On Fri, Jul 14, 2006 at 12:26:12PM +0200, Goswin von Brederlow wrote:
> Jakob Bohm <jbj@image.dk> writes:
> 
> > To work around the "breaks whole system" issue, the following
> > transition plan is proposed:
> >
> >  1. Before uploading the fixed apt, temporarily reconfigure
> >   darcs etc. to NOT include SHA256 values in Packages files at
> >   all (apt-ftparchive has an option to do that).
> >
> >  2. Upload the fixed apt as a minimal change from the apt
> >    version in testing, and coordinate with ftpadmin to push it
> >    quickly through to testing.  Yes, this means holding back
> >    other bug fixes until the change has propagated.
> >
> >  3. Allow 1-3 weeks for users to upgrade to the fixed apt.  Use
> >    the various announce mailing lists to alert users to the
> >    urgency of getting rid of apt versions 0.6.44 to 0.6.44.?
> >    inclusive before the grace period ends!
> >
> >  4. Turn SHA256 back on in darcs etc. this makes the SHA256
> >    security available for real.  But it also means that the
> >    archive can no longer be used by the broken 0.6.44 versions
> >    of apt.  So leave behind (on the ftp server, www server etc.)
> >    a message explaining how users can manually upgrade to a new
> >    apt version by downloading a .tar file and a detached .gpg
> >    signature from ftp.debian.org/debian/tools/something .  (This
> >    would be a hand-built tar file containing replacement .so
> >    files for each of the bad 0.6.44 apt versions and platforms).
> >
> > For the security breakage, patching apt is the obvious fix.
> 
> One could rename the SHA256 field to SHA256v2 (or something) instead
> alowing for both new and old apt to work with both new and old
> Packages files.
> 
> Breaking the format even with a 4 week grace period will result in
> users having broken systems. We had such a transition for the
> debian-amd64 project (with libc6/base-files depends) and even 6 month
> after the transition period user still appeared on the ML unable to
> upgrade from before the transition to current. There will always be
> stragglers.

On second thought, renaming the field (even though the old field use
is not really useful) may be the better option.  The biggest unknown
factor (to me), is if the SHA256 field is already being used by one
or more Debian derived distributions, and if so, if those derived
distributins use the correct or broken value for the field.
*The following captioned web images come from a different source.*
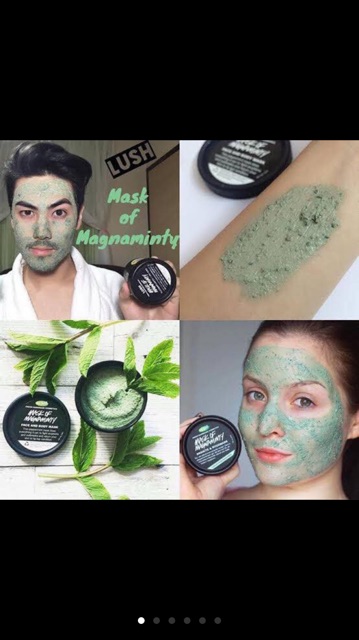 (Order Nhật,date 2-3 tháng)Mặt nạ tươi Lush Mask of Magnaminty 125g
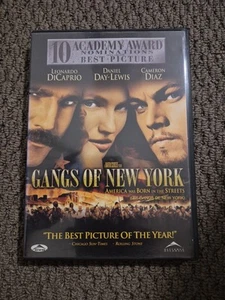 Gangs Of New York - DVD - Very Good - John C. Reilly,Jim Broadbent,Cameron Diaz - Picture 1 of 2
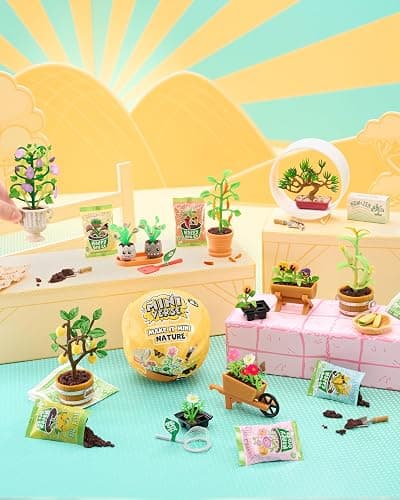 MGA's Miniverse - Make It Mini Nature Series 3 Mini Collectibles, Mystery Blind Packaging, DIY, Crafts, Replica Plants, Flowers, Botanicals, Novelty, Collectors, 8+ thumbnail 7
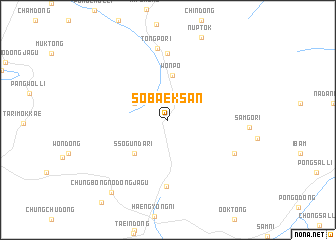 map of Sobaeksan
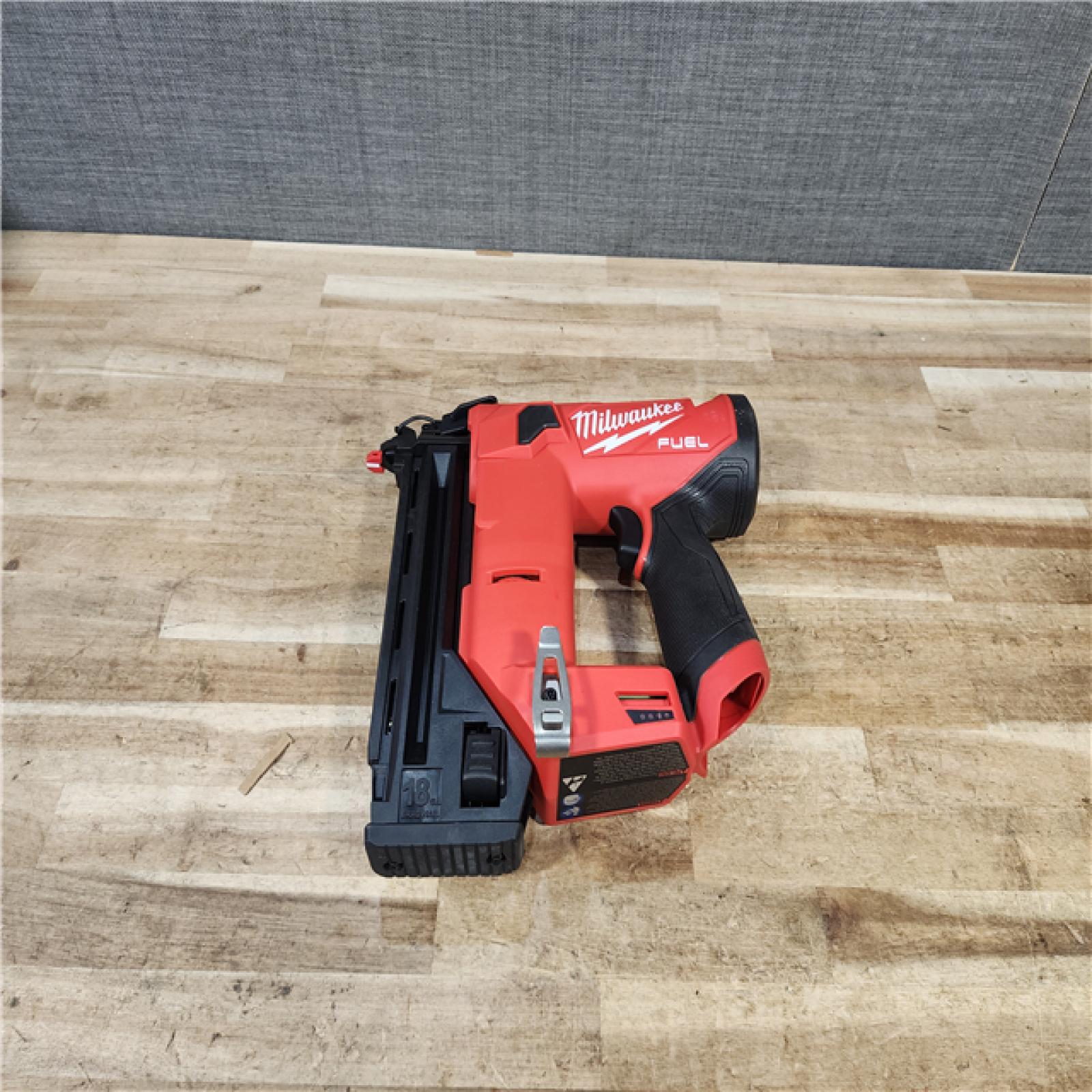 HOUSTON LOCATION - AS - IS Milwaukee FUEL 12-Volt Lithium-Ion Brushless Cordless 18-Gauge 1-1/2 in. Compact Brad Nailer (Tool Only)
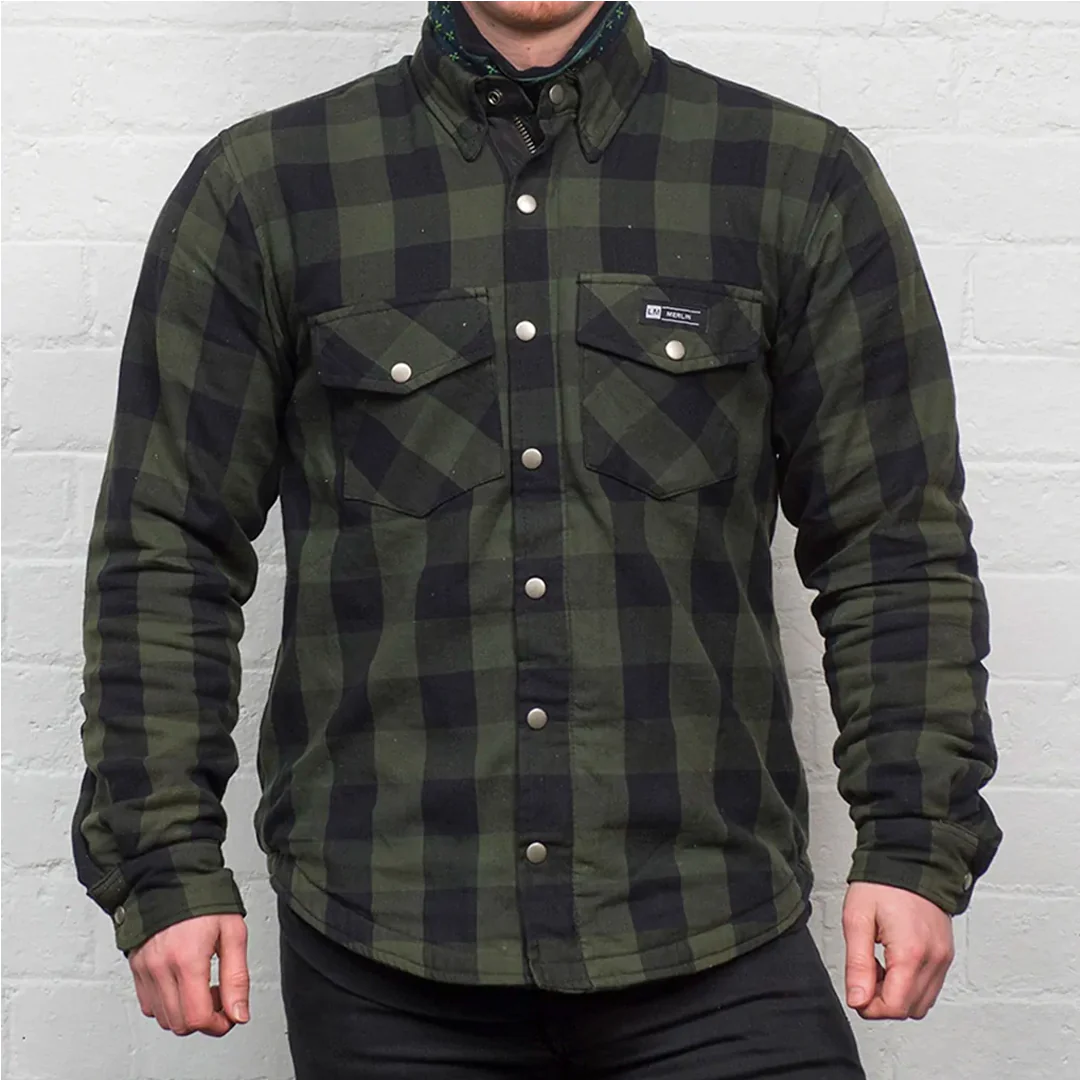 Merlin - Axe Kevlar Green Riding Shirt - Image 2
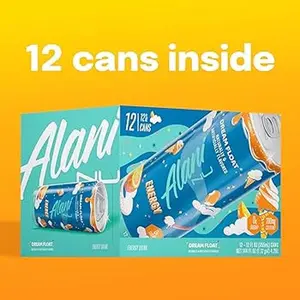 Alani Nu Energy Drink Dream Float 12 Pack 12oz Cans Zero Sugar 200mg Caffeine Boosting Beverage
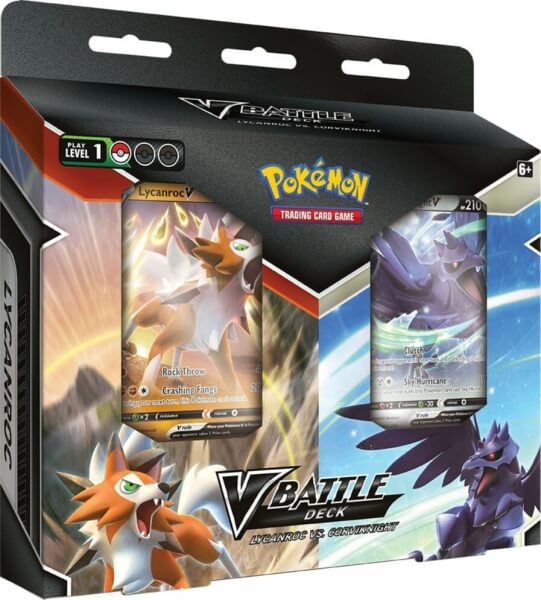 Pokémon V Battle Deck Bundle Lycanroc V vs Corviknight V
But if no deployed software is currently using the field with its
correct contents, renaming it (and reserving the old name
indefinitely) would indeed be the smoothest overall solution.  As the
field name will appear repeatedly in Packages, Sources, Release and
other key archive index files, the new name should be chosen to match
the following criteria already satisfied by the old name:

  - Short, apt and dpkg store the uncompressed indices on the users
   disk.
  
  - Meaning obvious to the casual observer
  
  - Unlikely to clash with future updates to FIPS180, for instance if
   NIST/NSA release an updated 256 bit algorithm, such an updated
   algorithm is likely to be named SHA256v2 or SHA256v1, just as the
   second edition of 160 bit SHA (FIPS180) was named SHA-1
   (FIPS180-1).

  - A valid identifier in most programming languages, including
   shell, C++ etc.

Since SHA256 is one of the 4 new and similar hash formulas defined in
FIPS180-2, those 4 algorithms are often referred to collectively as
SHA2, with the 4 individual functions distinguished by their size in
bits.  Since none of the other SHA2 algorithms have yet to appear in
the Packages file format, and since the mental ambiguity with SHA224,
SHA384 and SHA512 is trivially dispelled by the size of the value
(256 bits == 64 hex chars), I propose simply calling the field "SHA2"
. If it is later decided to add one of the other bit lengths, that
bit length can use the SHA224/SHA384/SHA512 names that have not been
subjected to a failed implementation.